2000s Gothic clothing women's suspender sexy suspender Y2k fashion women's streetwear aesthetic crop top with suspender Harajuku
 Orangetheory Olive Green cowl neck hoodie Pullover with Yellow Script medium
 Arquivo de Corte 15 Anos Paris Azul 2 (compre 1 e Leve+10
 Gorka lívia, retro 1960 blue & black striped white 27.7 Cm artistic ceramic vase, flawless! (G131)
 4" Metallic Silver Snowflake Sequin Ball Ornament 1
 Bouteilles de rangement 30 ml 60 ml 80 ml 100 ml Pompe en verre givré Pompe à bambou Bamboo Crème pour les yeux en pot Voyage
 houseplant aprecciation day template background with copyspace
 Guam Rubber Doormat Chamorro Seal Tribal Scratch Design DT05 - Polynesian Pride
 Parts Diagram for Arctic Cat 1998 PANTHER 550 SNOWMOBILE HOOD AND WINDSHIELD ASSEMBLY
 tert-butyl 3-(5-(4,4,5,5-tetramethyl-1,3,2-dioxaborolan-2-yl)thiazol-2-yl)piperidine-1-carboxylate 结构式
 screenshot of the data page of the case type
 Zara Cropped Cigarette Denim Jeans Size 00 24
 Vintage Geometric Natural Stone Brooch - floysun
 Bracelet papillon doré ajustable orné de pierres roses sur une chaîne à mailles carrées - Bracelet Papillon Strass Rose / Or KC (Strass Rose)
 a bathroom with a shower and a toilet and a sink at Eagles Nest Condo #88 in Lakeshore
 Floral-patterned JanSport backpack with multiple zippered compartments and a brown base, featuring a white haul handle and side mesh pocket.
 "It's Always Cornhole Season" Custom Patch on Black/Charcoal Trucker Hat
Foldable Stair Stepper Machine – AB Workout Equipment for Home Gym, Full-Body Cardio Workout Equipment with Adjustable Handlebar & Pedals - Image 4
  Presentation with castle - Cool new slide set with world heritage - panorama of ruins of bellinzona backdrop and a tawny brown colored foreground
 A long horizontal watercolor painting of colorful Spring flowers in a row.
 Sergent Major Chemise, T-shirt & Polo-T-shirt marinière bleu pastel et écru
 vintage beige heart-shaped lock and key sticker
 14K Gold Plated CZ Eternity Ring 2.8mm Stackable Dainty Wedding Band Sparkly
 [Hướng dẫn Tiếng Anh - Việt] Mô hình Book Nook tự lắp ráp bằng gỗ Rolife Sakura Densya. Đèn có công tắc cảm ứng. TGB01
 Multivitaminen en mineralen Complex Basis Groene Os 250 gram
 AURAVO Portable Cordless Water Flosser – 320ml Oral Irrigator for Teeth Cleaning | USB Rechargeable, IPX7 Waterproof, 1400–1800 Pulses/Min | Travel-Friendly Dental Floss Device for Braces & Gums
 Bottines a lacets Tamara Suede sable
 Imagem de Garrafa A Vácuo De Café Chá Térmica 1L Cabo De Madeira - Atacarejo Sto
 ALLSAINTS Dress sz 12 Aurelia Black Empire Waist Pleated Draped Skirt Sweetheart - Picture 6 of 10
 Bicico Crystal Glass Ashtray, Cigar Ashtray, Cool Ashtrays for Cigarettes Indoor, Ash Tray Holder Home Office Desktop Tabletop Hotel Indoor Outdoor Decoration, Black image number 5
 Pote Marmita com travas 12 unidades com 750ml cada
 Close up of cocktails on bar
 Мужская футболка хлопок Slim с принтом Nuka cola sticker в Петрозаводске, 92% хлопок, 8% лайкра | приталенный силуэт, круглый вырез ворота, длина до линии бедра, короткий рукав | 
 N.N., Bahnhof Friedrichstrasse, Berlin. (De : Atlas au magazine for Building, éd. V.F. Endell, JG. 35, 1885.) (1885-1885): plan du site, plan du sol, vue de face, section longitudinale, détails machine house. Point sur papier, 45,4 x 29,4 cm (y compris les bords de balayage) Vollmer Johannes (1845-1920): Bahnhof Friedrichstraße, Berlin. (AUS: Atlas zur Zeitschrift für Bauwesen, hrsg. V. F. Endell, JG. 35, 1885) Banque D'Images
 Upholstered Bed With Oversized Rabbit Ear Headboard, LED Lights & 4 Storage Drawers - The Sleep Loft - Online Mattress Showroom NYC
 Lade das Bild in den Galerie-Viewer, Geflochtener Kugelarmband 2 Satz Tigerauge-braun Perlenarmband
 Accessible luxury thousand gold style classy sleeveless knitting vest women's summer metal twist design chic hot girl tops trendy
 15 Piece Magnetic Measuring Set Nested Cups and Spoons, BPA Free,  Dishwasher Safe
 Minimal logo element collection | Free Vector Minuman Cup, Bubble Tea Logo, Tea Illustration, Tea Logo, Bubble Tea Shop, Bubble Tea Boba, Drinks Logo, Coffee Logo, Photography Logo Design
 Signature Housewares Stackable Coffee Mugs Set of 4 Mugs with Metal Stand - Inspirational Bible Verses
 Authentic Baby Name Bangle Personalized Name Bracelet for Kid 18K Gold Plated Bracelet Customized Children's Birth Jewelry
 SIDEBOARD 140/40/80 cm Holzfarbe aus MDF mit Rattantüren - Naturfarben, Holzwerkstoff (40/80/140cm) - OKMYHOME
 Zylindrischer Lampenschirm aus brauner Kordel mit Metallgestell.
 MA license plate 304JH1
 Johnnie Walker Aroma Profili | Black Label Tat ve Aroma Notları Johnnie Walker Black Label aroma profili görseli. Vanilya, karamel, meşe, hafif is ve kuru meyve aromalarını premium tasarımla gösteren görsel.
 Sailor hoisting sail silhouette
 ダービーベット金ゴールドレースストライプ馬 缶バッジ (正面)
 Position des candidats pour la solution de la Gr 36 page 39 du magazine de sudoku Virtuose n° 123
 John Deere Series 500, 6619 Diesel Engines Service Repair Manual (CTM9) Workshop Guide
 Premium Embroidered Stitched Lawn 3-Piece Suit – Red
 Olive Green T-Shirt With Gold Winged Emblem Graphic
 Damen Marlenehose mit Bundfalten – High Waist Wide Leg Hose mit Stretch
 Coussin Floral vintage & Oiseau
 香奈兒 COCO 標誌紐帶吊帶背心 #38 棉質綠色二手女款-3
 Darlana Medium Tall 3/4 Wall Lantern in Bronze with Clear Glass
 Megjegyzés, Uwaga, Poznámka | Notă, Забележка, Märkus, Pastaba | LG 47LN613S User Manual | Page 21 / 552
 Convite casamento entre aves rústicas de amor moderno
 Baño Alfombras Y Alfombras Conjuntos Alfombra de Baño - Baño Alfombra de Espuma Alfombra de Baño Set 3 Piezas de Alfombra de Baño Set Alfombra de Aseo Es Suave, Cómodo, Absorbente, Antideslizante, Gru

━━━━━━━━━━━━━━━━

Task goal: From the entries above, write out only the lines starting at the line that holds "Johnnie Walker Aroma" and ending at the line that holds "Premium Embroidered Stitched", keeping both and matching them exactly.

Answer to this exercise:
 Johnnie Walker Aroma Profili | Black Label Tat ve Aroma Notları Johnnie Walker Black Label aroma profili görseli. Vanilya, karamel, meşe, hafif is ve kuru meyve aromalarını premium tasarımla gösteren görsel.
 Sailor hoisting sail silhouette
 ダービーベット金ゴールドレースストライプ馬 缶バッジ (正面)
 Position des candidats pour la solution de la Gr 36 page 39 du magazine de sudoku Virtuose n° 123
 John Deere Series 500, 6619 Diesel Engines Service Repair Manual (CTM9) Workshop Guide
 Premium Embroidered Stitched Lawn 3-Piece Suit – Red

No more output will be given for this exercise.